**What this task involves**
Beginning with the line below that contains "Uday Kumar is" and ending with the line that contains "Rule Number Two: If", retype every line exactly. Pictures are not copied.

____ Records shown

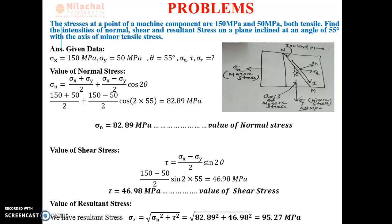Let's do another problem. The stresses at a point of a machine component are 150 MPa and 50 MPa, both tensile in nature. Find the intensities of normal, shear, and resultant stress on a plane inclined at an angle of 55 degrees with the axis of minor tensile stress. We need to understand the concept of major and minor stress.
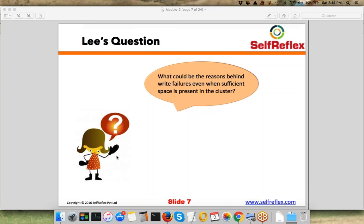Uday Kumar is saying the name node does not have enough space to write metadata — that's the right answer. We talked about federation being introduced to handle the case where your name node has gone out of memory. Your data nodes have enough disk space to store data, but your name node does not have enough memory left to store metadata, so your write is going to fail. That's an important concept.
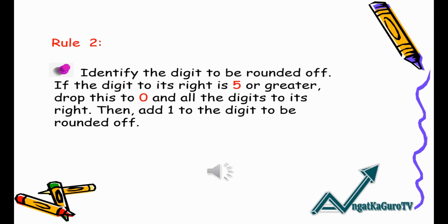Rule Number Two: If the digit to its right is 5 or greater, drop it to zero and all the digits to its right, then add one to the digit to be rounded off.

________
____ Records shown

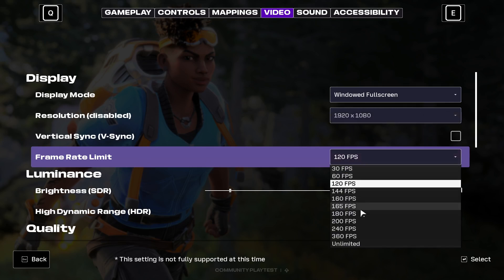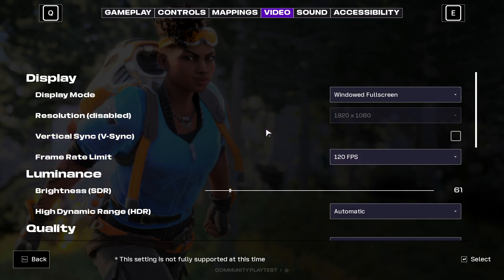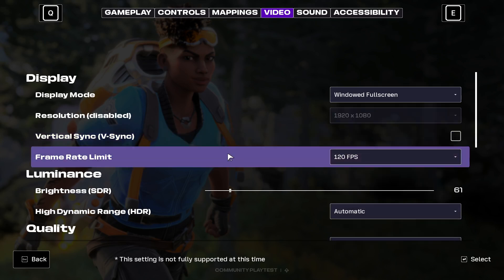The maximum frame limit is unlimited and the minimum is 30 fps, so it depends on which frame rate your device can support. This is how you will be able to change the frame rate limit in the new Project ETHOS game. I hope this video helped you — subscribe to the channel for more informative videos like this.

________

**Response to this task**
Uday Kumar is saying the name node does not have enough space to write metadata — that's the right answer. We talked about federation being introduced to handle the case where your name node has gone out of memory. Your data nodes have enough disk space to store data, but your name node does not have enough memory left to store metadata, so your write is going to fail. That's an important concept.
Rule Number Two: If the digit to its right is 5 or greater, drop it to zero and all the digits to its right, then add one to the digit to be rounded off.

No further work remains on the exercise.